Handsome Furs - Plague Park

“We hate this place here / its our home” (Sing! Captain!)

How do you come to grips with the place in which you live? How does the environment set up your outlook, and vice versa? What happens when you find yourself, depressed, in a cold, bleak city? Handsome Furs, the duo of Dan Boeckner (Wolf Parade co-vocalist) and his fiancée, Alexei Perry, answer these questions on Plague Park, their first album.

The band found their sound when the couple stumbled upon an archaic drum machine, and their stated point was to be as repetitive and minimal (as pop will let you be) from then on. Lyrically, the album revolves around the place of its title – a city square in Helsinki, Ruttopuisto, that was originally a burial ground for victims of the plague in the late seventeenth century. Helsinki expanded of course, growing around the cemetery – Now, says Perry, “it’s just this sunny little anomaly where people – families and teenagers – in the summer time go there and drunk and have barbeques and good times on top of all these buried victims”. That contrast between fun on the surface (and Handsome Furs make it seem like that might be the only place it can ever exist) and decay below speaks volumes of the album’s theme.

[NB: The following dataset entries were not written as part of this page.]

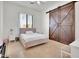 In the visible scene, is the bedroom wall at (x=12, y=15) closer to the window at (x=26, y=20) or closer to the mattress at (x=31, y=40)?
Answer: the window at (x=26, y=20)

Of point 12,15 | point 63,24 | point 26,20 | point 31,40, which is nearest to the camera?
point 31,40

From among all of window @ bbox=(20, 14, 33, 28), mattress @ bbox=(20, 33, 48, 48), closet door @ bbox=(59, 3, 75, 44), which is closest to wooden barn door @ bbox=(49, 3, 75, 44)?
closet door @ bbox=(59, 3, 75, 44)

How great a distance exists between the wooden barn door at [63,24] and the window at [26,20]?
1.82 m

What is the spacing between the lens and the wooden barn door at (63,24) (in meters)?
4.54

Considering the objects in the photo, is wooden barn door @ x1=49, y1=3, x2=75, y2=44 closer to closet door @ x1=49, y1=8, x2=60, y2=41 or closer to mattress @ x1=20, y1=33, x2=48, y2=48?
closet door @ x1=49, y1=8, x2=60, y2=41

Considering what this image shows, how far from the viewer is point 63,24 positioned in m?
5.14

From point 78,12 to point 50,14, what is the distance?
8.77 ft

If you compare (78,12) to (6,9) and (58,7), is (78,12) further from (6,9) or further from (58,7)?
(6,9)

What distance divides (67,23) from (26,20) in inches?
139

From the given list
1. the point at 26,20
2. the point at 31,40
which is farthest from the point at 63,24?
the point at 26,20

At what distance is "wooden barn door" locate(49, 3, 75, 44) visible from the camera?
14.9 feet

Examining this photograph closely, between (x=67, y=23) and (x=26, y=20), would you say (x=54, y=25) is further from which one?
(x=26, y=20)

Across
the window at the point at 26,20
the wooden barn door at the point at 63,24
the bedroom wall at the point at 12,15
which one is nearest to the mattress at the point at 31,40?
the wooden barn door at the point at 63,24

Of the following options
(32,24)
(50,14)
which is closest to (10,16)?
(32,24) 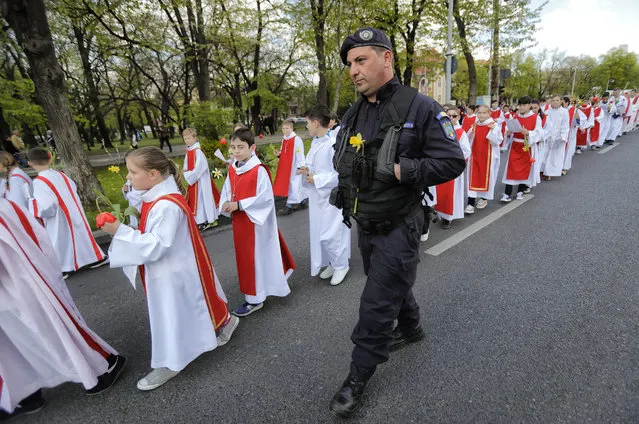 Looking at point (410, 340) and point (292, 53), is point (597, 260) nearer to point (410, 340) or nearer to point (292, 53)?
point (410, 340)

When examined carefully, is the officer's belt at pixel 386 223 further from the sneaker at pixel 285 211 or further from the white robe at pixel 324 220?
the sneaker at pixel 285 211

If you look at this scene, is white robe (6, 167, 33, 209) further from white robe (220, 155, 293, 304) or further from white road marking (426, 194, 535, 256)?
white road marking (426, 194, 535, 256)

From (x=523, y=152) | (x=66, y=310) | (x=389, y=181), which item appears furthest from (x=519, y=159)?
(x=66, y=310)

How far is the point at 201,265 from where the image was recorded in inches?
98.1

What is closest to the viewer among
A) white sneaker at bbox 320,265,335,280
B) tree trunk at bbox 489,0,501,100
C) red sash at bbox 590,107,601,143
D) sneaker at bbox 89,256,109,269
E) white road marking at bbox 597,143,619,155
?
white sneaker at bbox 320,265,335,280

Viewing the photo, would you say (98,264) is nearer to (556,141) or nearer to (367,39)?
(367,39)

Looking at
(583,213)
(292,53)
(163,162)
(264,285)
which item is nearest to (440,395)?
(264,285)

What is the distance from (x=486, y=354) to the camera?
2582mm

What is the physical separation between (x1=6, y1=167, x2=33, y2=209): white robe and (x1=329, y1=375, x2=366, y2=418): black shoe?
189 inches

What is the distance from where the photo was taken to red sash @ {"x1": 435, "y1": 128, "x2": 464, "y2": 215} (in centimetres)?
530

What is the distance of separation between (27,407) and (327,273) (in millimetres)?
2764

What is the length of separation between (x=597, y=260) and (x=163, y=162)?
186 inches

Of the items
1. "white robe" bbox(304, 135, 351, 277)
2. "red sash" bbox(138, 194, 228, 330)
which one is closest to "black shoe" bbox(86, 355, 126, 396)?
"red sash" bbox(138, 194, 228, 330)

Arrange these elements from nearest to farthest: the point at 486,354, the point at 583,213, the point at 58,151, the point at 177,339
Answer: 1. the point at 177,339
2. the point at 486,354
3. the point at 583,213
4. the point at 58,151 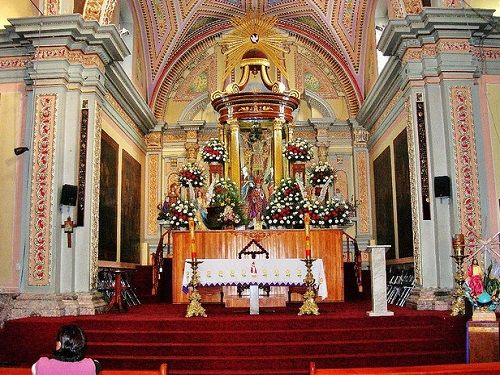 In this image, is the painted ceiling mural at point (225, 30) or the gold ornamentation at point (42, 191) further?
the painted ceiling mural at point (225, 30)

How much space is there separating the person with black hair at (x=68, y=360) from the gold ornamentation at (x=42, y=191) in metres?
5.54

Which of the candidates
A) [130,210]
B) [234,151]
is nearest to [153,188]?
[130,210]

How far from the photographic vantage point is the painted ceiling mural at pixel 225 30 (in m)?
14.6

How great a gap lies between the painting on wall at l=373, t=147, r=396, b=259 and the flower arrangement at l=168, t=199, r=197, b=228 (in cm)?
431

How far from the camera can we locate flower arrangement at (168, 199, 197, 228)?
1048 centimetres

Handsome Furs insist that this idea of urban decomposition, and its related bodily/moral decay, wasn’t initially planned. Says Boeckner: “we didn’t really start out with this stuff, but the songs all seemed to have a lyrical theme of urban decay or rural stagnation even, and the balance between those two things. And both are kind of hard on the mind, like if you’re going to live in a place that is really isolated and small, it can totally drive you crazy or it can be a release. And then just living in the city – the amount of options for things to do are kind of balanced out by the fact that you’re dealing with like, municipal corruption, poverty, crazy people.”

A kind of cold picture emerges from this, something which the sparse instrumentation perfectly matches. And in terms of its concept, Plague Park is amazingly integrated, its hard to think of a better album where music, lyrics and mood are articulated so cohesively. The album centres itself around repetition, sparseness and alienation – not only lyrically but in the composition of scrappy, shot-through drum machines, buzzing synth effects and recurring parts. This sounds like the bleak streets of the hostile city, or the equally empty and menacing landscapes of the countryside.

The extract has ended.